• _The data_
......

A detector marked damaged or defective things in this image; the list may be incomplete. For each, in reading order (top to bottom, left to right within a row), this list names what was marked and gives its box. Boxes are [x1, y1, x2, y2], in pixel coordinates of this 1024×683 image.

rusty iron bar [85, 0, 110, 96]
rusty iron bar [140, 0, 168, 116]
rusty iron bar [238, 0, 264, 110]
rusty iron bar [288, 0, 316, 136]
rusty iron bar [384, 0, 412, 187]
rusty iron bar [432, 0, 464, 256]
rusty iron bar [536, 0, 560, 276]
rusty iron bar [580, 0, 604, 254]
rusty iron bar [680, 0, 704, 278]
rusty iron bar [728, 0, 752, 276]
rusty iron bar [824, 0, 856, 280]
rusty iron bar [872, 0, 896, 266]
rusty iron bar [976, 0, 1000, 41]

......

• _To do_
When you answer, repeat each entry exactly as it appears above.

• _Solved problem_
A detector marked damaged or defective things in this image; the list may be incomplete. For each, in reading order (top to bottom, left to right within a row), this list names what was marked and gives its box. Boxes are [x1, y1, x2, y2], in pixel coordinates of this 1024×683 image.

rusty iron bar [85, 0, 110, 96]
rusty iron bar [140, 0, 168, 116]
rusty iron bar [238, 0, 264, 110]
rusty iron bar [288, 0, 316, 136]
rusty iron bar [384, 0, 412, 187]
rusty iron bar [432, 0, 464, 256]
rusty iron bar [536, 0, 560, 276]
rusty iron bar [580, 0, 604, 254]
rusty iron bar [680, 0, 704, 278]
rusty iron bar [728, 0, 752, 276]
rusty iron bar [824, 0, 856, 280]
rusty iron bar [872, 0, 896, 266]
rusty iron bar [976, 0, 1000, 41]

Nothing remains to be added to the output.